Despite the growth of mobile banking, a credit union's website should not lag behind. Research shows that 78 percent of millennials still use a bank's website or online portal, as do 75 percent of Gen X and 67 percent of baby boomers.
Offer financial education
The University of Kansas surveyed more than 6,000 people ages 18-34 and found that only 6 percent of millennials were financially educated. About half of the millennials surveyed were not saving for emergencies.
"Having the knowledge and the opportunity to make decisions financially can relate to your ability to save for retirement down the road, how you invest in home ownership and other types of wealth. It's very critical," said researcher and KU associate professor of social welfare Terri Friedline to Wow! 6 News.
This is a great opportunity for credit unions to attract millennials by providing the financial education they need. Because credit unions are generally smaller than traditional banks, they are able to more closely monitor their members. This means they can extend financial education to millennials who need it. They can offer one-on-one guidance on issues such as paying debt, negotiating salaries, saving for a down payment and planning for retirement. This will provide the education millennials need while increasing credit union membership.
Changing customer service
Studies have shown that millennials prefer a different kind of customer service. Instead of the traditional phone call, they would rather interact via online chat, social media and text while Generation Xers and baby boomers tend to prefer a more traditional route. Desk.com's extensive survey reported that 82 percent of millennials preferred Facebook as the medium to interact with a company or brand. Twitter was second in the running at 43 percent and Instagram third at 25 percent.
"It's a reminder that as an organization you have to look at what you're doing today and see where holes are," says Leyla Seka, senior vice president and general manager of Desk.com. "A big part of that is knowing who you're supporting."

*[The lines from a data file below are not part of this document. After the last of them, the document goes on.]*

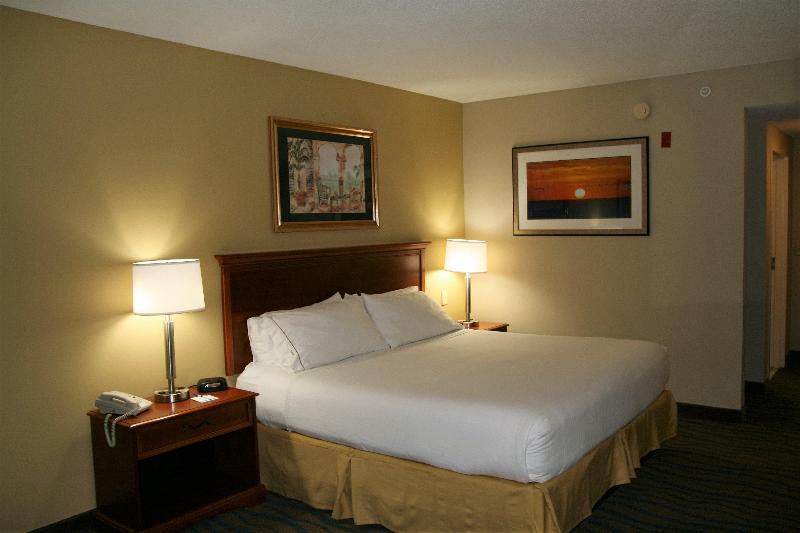 스위트 킹사이즈 침대, Holiday Inn Express Hotel & Suites Brooksville West By Ihg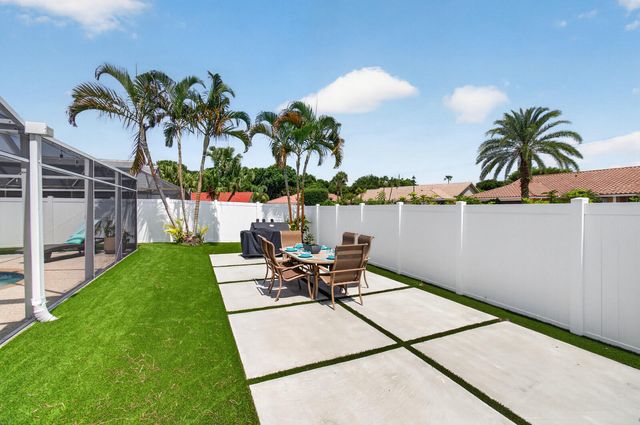 22052 Martella Avenue, Boca Raton, FL 33433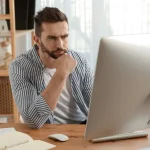 Propietario preocupado revisando información sobre normativa del alquiler vacacional en Canarias 2025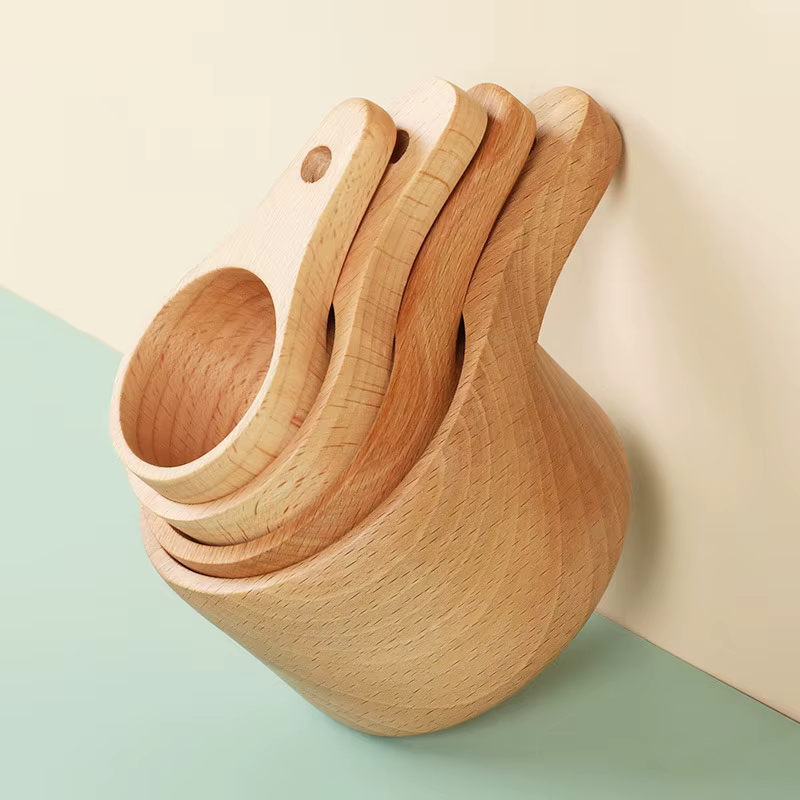 Cuillère de cuisson en hêtre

The survey reported that 80 percent of the Americans ages 18-65 said that calling traditional customer service lines is a huge inconvenience to their lives. For millennials, phone customer service is very unpopular with 26 percent saying they never look forward to it. The Gen Xers and baby boomers are not far behind with their 19 and 18 percent, respectively. Because large banks are still associated with the "hard to deal with" stigma with long phone calls, credit unions should change up their ways. The more credit unions move toward online customer service, the more they can attract millennials.